Source records

□ □ □

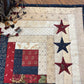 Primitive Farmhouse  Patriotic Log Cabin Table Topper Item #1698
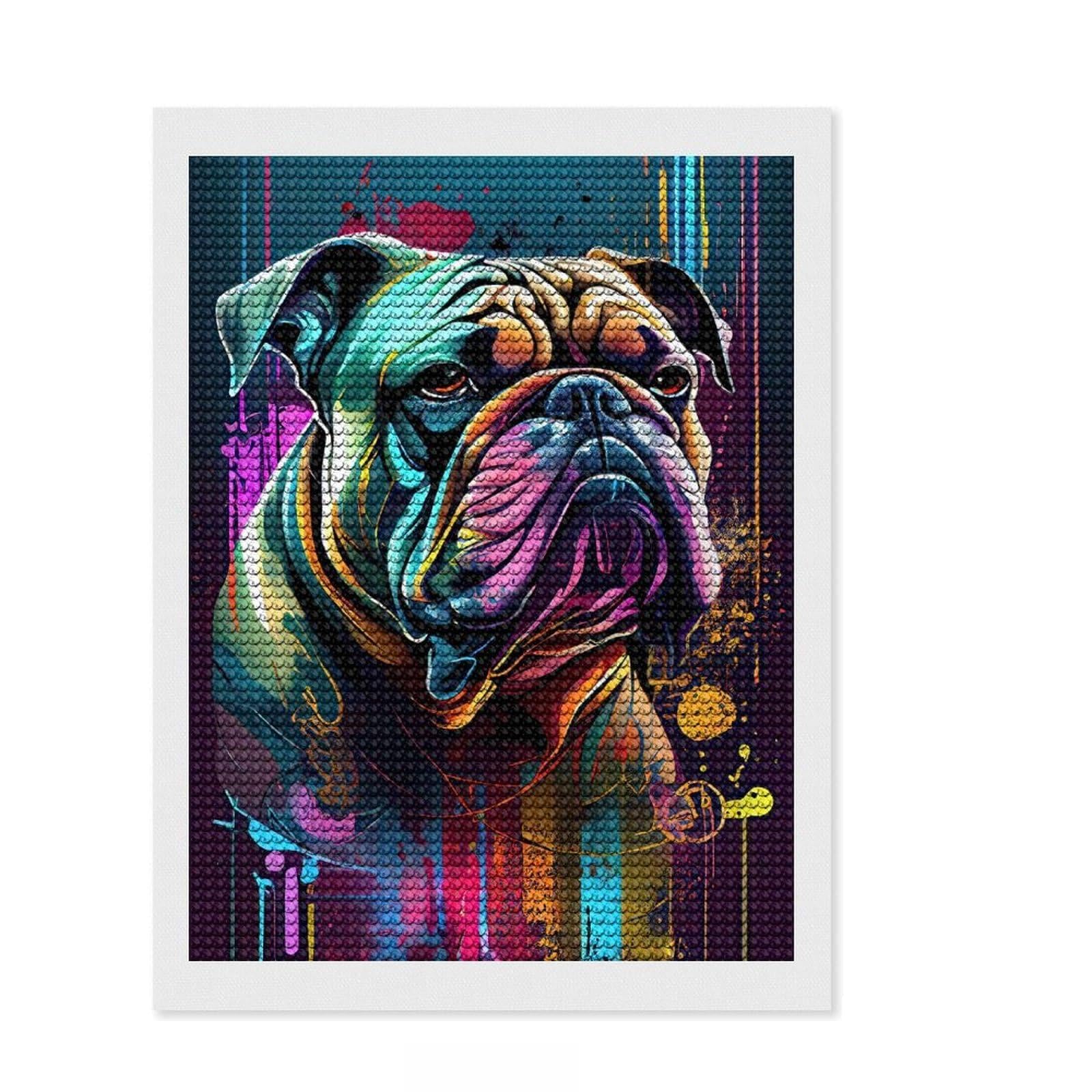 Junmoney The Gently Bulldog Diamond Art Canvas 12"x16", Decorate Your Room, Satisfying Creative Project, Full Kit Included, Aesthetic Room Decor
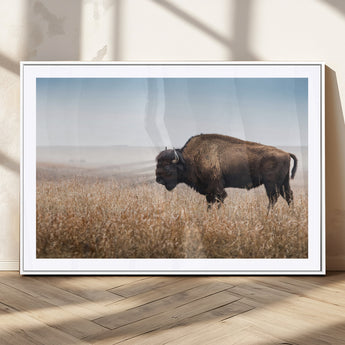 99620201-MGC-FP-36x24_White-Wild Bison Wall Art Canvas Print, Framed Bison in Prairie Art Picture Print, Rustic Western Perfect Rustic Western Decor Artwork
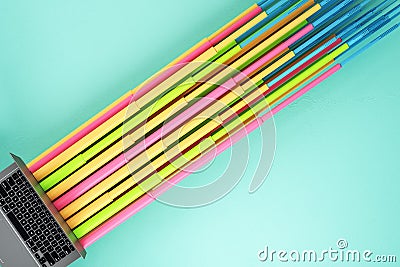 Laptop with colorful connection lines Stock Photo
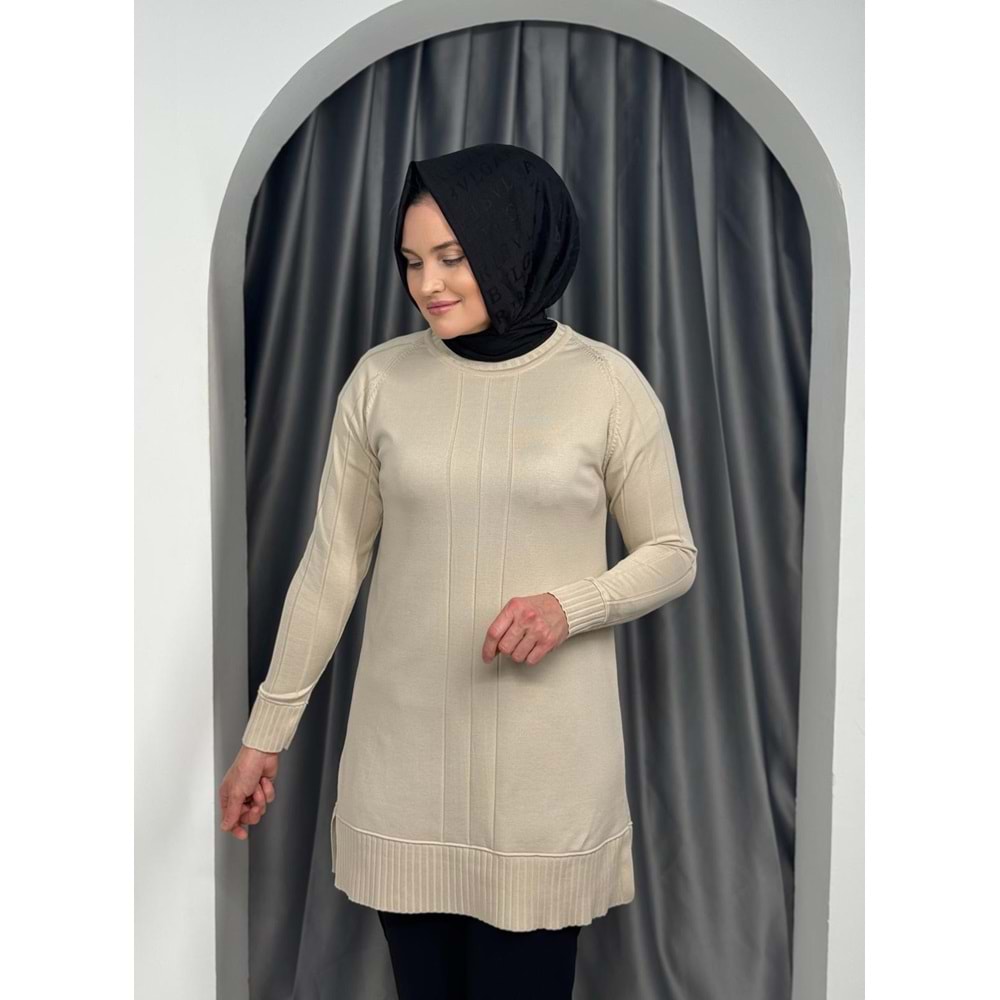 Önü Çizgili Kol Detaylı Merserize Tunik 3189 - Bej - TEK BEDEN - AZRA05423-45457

□ □ □

Nothing but an exact copy belongs in the answer: the lines from the top of the records through the line containing "Junmoney The Gently", minus the pictures.

* _Problem solution_
 Primitive Farmhouse  Patriotic Log Cabin Table Topper Item #1698
 Junmoney The Gently Bulldog Diamond Art Canvas 12"x16", Decorate Your Room, Satisfying Creative Project, Full Kit Included, Aesthetic Room Decor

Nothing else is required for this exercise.